An alternative news service for American farmers
http://www.cropchoice.com
8/23/02
Roundup-resistant weeds add to Monsanto's quotient of woe
by Robert Schubert
CropChoice editor

(Aug. 23, 2002 -- CropChoice commentary) -- Astoundingly, Monsanto continues to say that it's marketing herbicide-resistant crops to help farmers and the environment.  But reality, including a Tennessee weed problem, puts the lie to that.

By way of review, Monsanto claims that its Roundup Ready soybeans, corn, cotton and canola -- genetically engineered to resist the Roundup weed killer -- are good because farmers can spray just Roundup to kill weeds without hurting the crops.  The end result is less herbicide usage and a greener world.

If only it was true.

Consider:

Monsanto executives in July chalked up a portion of the company's financial woes -- the stock had hit a 52-week low of about $13 a share, and still hasn't much recovered following its spin-off from parent Pharmacia Corp. -- to lackluster Roundup sales in the spring.

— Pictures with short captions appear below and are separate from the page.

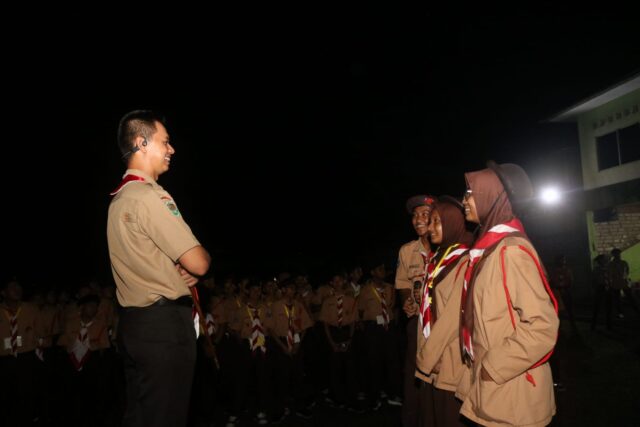 Kodim Serang Gelar Penerimaan Anggota Baru Saka Wira Kartika
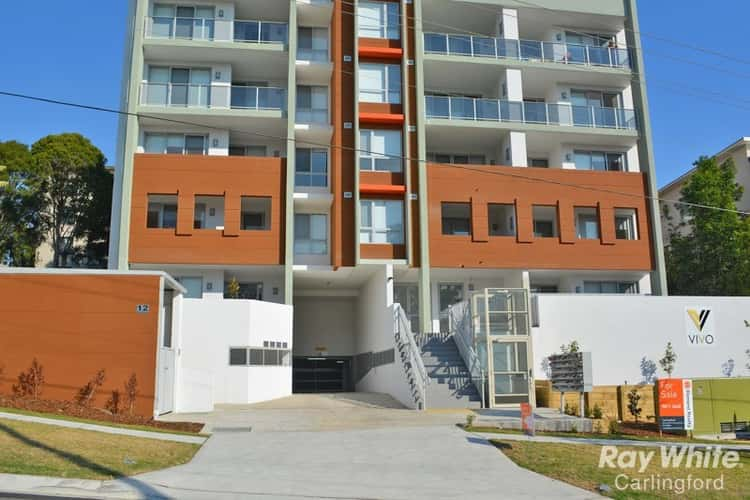 Main view of Homely apartment listing, 31/12 Post Office Street, Carlingford NSW 2118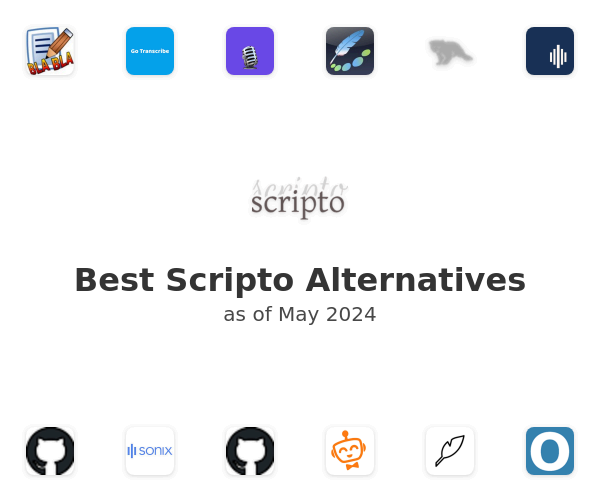 Best Scripto Alternatives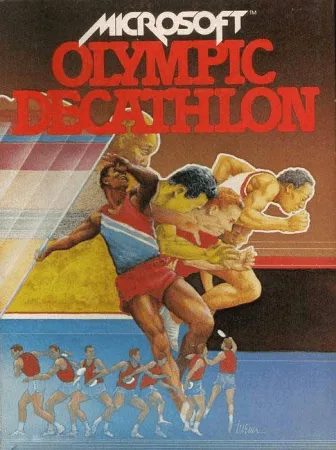 Olympic Decathlon box art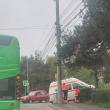 Ambulanță implicată într-un accident în municipiul Suceava, din cauza unui șofer neatent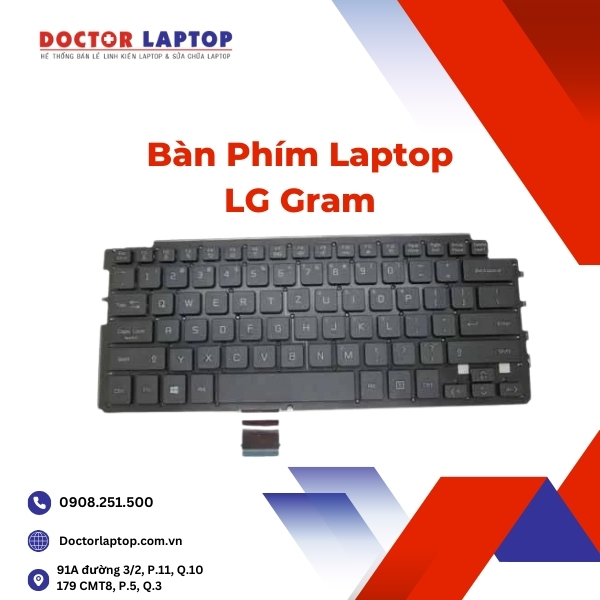 Bàn Phím Laptop LG Gram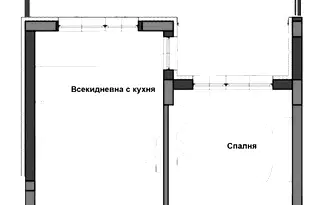 Двустаен апартамент в София, Малинова долина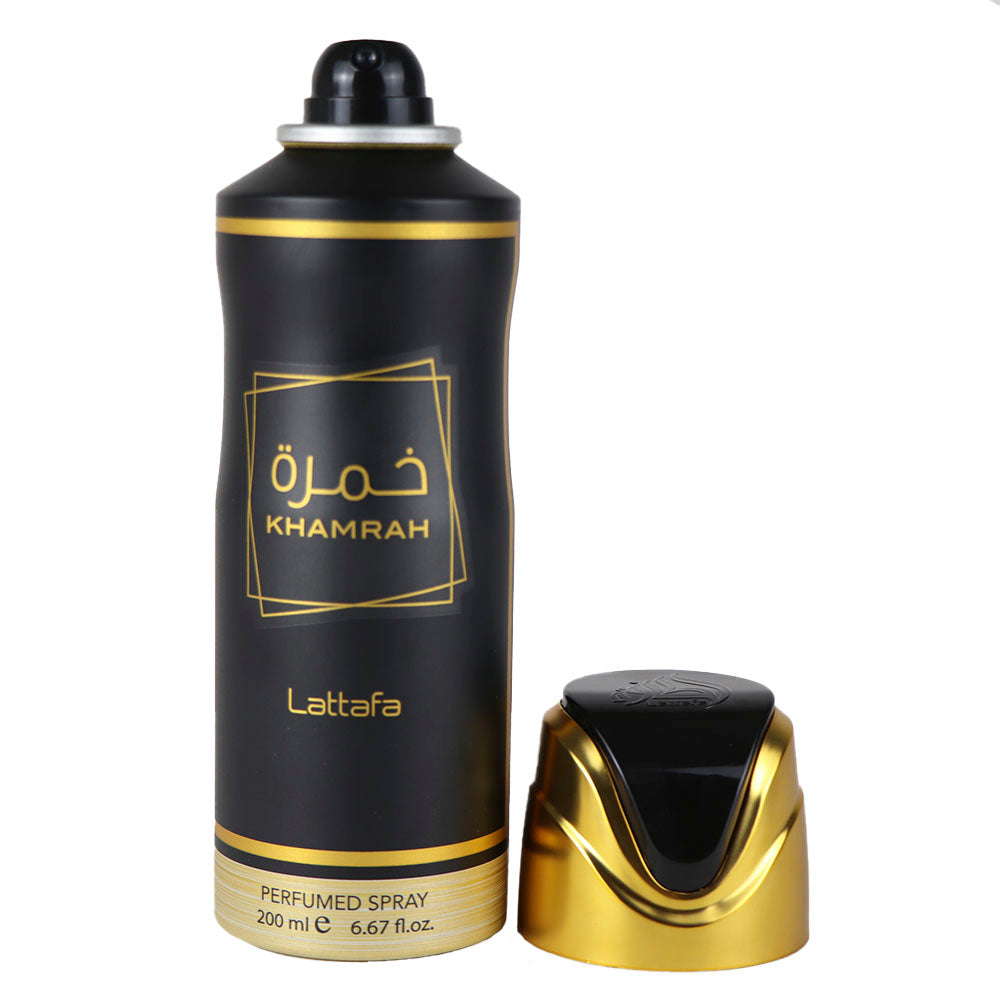 Lattafa  Khamrah Body Spray 6.7 oz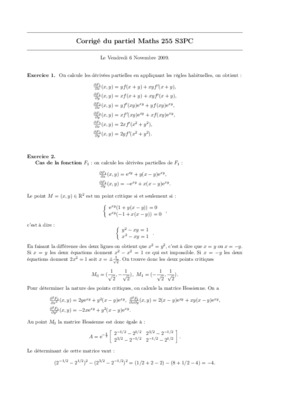 partiel maths umlv Book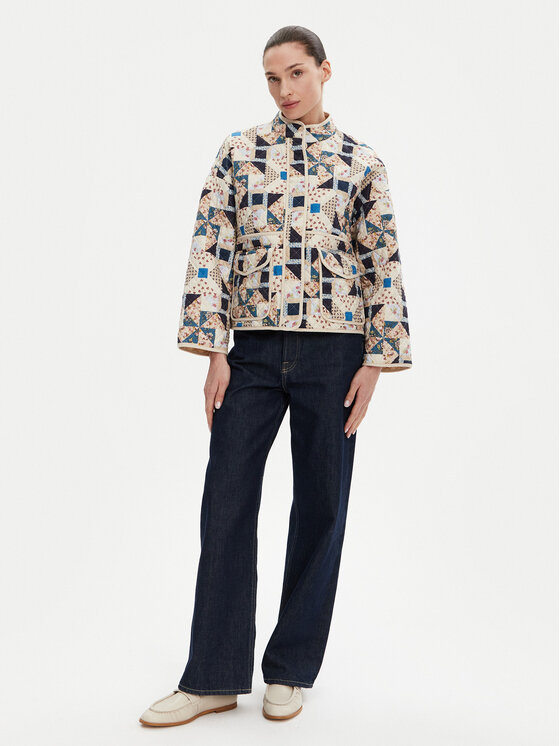 Weekend Max Mara Weekend Max Mara Kurtka przejściowa 2515081081650 Beżowy Regular Fit
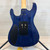 Used Dean CUSTOM 350 Electric Guitar Blue 6-String 41108-S000066252 View 7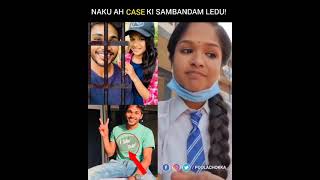 fun bucket bhargav arrest case           omg girl nithya reaction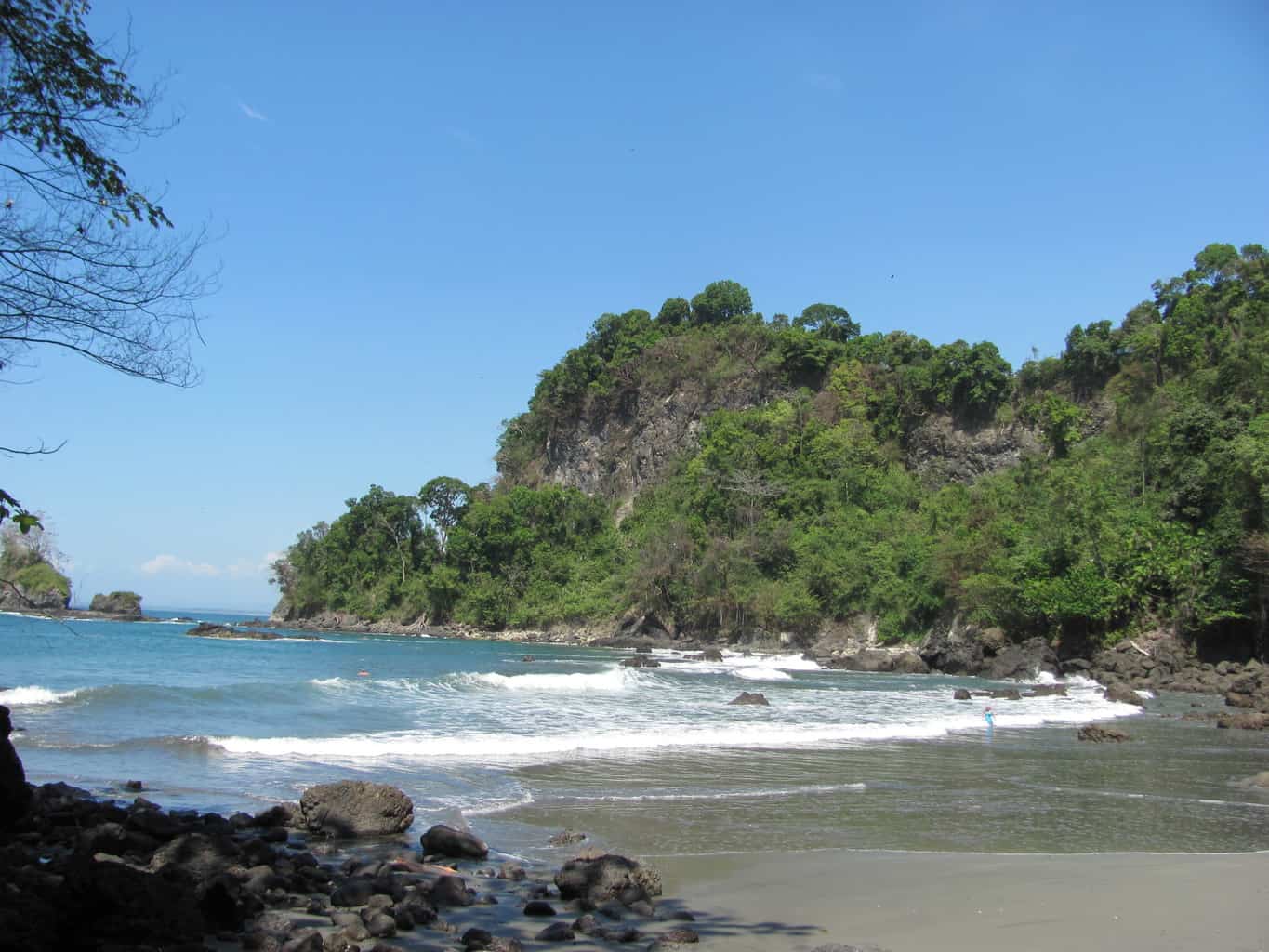 Playa La Macha Manuel Antonio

Michael Doane, a Monsanto executive, said in a speech last year that the company's cornerstone is not biotechnology.  It's the sale of Roundup. The idea is for farmers to use lots of glyphosate (active ingredient in the herbicide) over lots of acreage. See CropChoice story about this at http://www.cropchoice.com/leadstry.asp?recid=751.

Farmers are doing just that.  But there are consequences.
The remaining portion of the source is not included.